- _Materials provided_

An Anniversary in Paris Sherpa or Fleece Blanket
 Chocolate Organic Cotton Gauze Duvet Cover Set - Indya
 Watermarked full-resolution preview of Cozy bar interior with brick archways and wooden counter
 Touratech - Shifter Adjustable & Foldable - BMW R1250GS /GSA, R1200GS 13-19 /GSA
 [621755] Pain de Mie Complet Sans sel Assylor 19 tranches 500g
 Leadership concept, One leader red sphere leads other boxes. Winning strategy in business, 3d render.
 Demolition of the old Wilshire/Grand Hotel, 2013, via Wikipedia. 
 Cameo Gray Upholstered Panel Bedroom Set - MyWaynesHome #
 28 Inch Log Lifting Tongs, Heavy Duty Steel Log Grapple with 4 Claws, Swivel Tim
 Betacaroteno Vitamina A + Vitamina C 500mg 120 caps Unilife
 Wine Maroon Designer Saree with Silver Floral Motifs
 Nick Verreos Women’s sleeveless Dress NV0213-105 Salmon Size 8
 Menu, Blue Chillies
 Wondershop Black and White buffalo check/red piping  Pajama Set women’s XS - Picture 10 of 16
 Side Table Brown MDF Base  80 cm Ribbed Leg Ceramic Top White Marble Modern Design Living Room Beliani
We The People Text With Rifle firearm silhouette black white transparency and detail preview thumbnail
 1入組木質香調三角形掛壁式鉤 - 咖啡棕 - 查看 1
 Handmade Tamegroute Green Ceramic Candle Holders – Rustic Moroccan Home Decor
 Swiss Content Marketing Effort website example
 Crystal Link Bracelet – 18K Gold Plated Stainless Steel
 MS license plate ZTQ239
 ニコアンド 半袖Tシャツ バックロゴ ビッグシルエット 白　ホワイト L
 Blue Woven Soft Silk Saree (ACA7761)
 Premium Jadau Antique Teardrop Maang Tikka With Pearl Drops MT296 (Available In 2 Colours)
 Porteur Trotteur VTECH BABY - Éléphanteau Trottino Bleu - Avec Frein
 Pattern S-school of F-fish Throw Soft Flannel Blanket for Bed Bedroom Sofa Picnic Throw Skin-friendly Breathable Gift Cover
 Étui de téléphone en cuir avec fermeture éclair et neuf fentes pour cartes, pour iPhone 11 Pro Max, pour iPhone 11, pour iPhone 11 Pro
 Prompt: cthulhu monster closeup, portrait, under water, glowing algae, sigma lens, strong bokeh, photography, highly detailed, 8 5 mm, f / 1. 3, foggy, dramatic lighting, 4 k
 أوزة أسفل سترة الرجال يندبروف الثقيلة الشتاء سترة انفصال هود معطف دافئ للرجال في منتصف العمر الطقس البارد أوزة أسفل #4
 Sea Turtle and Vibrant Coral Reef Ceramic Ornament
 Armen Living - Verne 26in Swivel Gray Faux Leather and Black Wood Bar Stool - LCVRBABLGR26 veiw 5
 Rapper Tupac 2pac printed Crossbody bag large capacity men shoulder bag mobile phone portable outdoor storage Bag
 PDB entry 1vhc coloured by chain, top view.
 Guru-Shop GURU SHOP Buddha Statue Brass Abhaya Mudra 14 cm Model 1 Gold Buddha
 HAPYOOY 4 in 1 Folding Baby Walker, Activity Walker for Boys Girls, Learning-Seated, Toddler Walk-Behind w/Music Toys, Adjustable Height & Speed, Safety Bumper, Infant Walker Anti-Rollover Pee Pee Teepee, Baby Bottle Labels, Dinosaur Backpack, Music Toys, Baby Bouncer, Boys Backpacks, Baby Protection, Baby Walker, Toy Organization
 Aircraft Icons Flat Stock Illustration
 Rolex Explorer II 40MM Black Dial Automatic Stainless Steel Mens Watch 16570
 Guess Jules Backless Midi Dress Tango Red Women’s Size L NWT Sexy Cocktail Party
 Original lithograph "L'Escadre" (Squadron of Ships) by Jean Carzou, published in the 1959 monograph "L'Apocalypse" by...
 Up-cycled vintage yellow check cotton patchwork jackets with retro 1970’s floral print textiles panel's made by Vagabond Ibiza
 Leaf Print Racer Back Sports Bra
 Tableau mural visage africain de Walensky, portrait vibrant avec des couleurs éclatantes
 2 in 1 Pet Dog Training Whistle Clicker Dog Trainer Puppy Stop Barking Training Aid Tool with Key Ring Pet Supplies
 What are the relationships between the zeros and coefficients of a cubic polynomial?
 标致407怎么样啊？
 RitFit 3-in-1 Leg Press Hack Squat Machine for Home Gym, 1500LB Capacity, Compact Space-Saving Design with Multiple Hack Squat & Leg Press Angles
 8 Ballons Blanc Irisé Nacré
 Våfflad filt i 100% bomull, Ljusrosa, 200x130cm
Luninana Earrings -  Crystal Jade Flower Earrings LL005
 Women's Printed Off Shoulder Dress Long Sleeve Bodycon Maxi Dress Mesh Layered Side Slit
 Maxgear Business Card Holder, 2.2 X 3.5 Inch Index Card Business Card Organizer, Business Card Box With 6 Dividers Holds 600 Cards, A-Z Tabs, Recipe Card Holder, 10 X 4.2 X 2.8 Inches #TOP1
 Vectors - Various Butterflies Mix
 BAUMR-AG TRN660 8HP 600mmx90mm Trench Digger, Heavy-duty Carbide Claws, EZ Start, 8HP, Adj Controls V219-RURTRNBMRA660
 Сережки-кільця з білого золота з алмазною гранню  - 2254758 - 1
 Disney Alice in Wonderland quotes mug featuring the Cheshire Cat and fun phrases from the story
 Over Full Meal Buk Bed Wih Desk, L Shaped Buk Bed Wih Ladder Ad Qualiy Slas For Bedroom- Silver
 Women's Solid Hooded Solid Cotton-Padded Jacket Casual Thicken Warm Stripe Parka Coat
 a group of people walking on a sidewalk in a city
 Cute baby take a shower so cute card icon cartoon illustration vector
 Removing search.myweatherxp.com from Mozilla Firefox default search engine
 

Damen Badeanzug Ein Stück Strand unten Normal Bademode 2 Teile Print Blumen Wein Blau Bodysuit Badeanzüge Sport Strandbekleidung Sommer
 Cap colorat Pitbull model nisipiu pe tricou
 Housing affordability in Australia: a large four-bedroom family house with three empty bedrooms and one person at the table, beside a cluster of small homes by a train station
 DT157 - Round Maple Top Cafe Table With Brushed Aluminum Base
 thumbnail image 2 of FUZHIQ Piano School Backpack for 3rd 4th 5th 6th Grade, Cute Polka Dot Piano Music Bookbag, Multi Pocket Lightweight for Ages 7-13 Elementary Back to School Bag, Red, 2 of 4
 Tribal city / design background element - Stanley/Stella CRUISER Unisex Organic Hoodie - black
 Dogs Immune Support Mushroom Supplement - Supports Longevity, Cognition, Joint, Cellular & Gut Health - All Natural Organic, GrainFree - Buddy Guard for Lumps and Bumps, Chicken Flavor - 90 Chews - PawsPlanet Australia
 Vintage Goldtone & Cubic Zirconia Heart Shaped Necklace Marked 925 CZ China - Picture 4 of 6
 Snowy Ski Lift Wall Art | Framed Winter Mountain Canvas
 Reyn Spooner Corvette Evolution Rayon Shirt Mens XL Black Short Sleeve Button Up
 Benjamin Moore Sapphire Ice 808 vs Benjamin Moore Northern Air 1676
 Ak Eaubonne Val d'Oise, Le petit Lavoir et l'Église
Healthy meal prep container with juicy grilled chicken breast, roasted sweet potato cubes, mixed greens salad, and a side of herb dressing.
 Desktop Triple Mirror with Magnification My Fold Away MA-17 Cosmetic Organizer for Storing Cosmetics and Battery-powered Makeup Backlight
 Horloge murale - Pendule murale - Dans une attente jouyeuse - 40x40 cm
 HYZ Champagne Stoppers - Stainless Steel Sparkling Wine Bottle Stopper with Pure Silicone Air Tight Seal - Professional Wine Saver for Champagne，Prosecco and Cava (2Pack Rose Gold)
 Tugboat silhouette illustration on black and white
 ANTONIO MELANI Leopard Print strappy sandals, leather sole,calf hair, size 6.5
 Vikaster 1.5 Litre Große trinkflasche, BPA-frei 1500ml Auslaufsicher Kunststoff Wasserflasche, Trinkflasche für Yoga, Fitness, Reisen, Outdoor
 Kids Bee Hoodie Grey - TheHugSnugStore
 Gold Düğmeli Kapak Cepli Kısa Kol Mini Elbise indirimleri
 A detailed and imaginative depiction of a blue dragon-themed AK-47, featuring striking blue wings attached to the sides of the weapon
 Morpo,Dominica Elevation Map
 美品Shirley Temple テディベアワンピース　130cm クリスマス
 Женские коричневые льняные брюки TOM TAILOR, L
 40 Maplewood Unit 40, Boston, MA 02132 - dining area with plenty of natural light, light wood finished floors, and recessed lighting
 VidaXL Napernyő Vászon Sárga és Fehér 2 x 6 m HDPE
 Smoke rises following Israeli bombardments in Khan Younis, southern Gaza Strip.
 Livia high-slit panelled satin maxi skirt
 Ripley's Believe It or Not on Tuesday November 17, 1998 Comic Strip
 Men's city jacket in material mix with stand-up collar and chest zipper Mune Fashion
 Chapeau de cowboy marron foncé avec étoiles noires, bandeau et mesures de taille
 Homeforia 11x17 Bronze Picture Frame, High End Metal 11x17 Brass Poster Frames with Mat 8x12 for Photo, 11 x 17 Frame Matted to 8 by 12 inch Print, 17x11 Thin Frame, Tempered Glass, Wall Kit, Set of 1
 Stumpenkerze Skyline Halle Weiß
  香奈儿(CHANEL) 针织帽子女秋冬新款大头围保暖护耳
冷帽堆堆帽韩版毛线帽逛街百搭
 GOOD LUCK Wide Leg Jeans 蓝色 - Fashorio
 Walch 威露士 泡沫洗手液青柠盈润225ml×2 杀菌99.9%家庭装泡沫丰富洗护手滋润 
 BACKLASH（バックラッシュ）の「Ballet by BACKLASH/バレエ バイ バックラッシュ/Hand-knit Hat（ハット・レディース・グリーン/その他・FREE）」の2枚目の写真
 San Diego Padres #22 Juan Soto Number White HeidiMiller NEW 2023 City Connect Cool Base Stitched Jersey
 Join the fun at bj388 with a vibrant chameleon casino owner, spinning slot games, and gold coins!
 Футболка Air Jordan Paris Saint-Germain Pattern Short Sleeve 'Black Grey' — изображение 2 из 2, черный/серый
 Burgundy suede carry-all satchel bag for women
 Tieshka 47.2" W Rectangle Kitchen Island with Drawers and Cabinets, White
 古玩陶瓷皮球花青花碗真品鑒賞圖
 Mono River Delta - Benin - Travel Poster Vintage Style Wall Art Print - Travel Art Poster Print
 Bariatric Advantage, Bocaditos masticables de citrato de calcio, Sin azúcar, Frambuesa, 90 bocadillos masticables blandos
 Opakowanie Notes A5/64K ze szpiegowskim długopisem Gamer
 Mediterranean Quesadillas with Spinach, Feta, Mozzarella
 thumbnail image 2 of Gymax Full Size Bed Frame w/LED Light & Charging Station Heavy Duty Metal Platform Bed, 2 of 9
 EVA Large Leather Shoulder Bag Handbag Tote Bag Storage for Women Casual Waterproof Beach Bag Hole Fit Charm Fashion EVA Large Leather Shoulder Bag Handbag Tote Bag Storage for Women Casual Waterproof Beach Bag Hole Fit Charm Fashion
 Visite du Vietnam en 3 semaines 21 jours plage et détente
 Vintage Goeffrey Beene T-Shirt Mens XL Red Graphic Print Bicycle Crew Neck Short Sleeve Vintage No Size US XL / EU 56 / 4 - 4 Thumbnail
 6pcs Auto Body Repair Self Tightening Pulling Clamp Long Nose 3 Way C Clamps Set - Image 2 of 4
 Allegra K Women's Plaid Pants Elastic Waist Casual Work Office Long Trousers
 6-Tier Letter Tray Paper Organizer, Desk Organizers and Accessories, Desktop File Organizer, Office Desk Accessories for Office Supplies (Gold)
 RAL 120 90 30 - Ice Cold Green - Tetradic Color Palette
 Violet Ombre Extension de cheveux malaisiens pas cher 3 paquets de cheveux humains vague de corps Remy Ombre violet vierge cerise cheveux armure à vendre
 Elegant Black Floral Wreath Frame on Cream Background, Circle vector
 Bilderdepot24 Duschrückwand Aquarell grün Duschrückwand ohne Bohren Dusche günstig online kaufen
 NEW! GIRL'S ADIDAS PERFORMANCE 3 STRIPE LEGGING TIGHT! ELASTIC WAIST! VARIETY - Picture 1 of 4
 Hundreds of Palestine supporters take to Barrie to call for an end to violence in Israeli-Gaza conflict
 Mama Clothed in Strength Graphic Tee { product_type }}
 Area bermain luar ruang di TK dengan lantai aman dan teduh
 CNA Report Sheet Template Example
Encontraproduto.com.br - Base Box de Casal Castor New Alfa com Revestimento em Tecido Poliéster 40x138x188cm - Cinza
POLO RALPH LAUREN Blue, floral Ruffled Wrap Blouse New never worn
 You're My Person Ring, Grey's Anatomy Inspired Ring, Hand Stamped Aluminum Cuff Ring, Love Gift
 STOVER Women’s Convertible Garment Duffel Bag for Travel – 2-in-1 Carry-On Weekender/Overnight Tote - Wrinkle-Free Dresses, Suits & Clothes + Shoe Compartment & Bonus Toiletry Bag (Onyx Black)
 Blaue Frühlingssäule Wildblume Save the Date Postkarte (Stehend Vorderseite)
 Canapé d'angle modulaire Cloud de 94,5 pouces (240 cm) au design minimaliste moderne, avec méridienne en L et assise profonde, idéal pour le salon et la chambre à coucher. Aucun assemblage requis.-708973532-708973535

- _What the task asks_
What is needed is a word-for-word copy of the records above, from the first line through the line that contains "Premium Jadau Antique".

- _Written solution_
An Anniversary in Paris Sherpa or Fleece Blanket
 Chocolate Organic Cotton Gauze Duvet Cover Set - Indya
 Watermarked full-resolution preview of Cozy bar interior with brick archways and wooden counter
 Touratech - Shifter Adjustable & Foldable - BMW R1250GS /GSA, R1200GS 13-19 /GSA
 [621755] Pain de Mie Complet Sans sel Assylor 19 tranches 500g
 Leadership concept, One leader red sphere leads other boxes. Winning strategy in business, 3d render.
 Demolition of the old Wilshire/Grand Hotel, 2013, via Wikipedia. 
 Cameo Gray Upholstered Panel Bedroom Set - MyWaynesHome #
 28 Inch Log Lifting Tongs, Heavy Duty Steel Log Grapple with 4 Claws, Swivel Tim
 Betacaroteno Vitamina A + Vitamina C 500mg 120 caps Unilife
 Wine Maroon Designer Saree with Silver Floral Motifs
 Nick Verreos Women’s sleeveless Dress NV0213-105 Salmon Size 8
 Menu, Blue Chillies
 Wondershop Black and White buffalo check/red piping  Pajama Set women’s XS - Picture 10 of 16
 Side Table Brown MDF Base  80 cm Ribbed Leg Ceramic Top White Marble Modern Design Living Room Beliani
We The People Text With Rifle firearm silhouette black white transparency and detail preview thumbnail
 1入組木質香調三角形掛壁式鉤 - 咖啡棕 - 查看 1
 Handmade Tamegroute Green Ceramic Candle Holders – Rustic Moroccan Home Decor
 Swiss Content Marketing Effort website example
 Crystal Link Bracelet – 18K Gold Plated Stainless Steel
 MS license plate ZTQ239
 ニコアンド 半袖Tシャツ バックロゴ ビッグシルエット 白　ホワイト L
 Blue Woven Soft Silk Saree (ACA7761)
 Premium Jadau Antique Teardrop Maang Tikka With Pearl Drops MT296 (Available In 2 Colours)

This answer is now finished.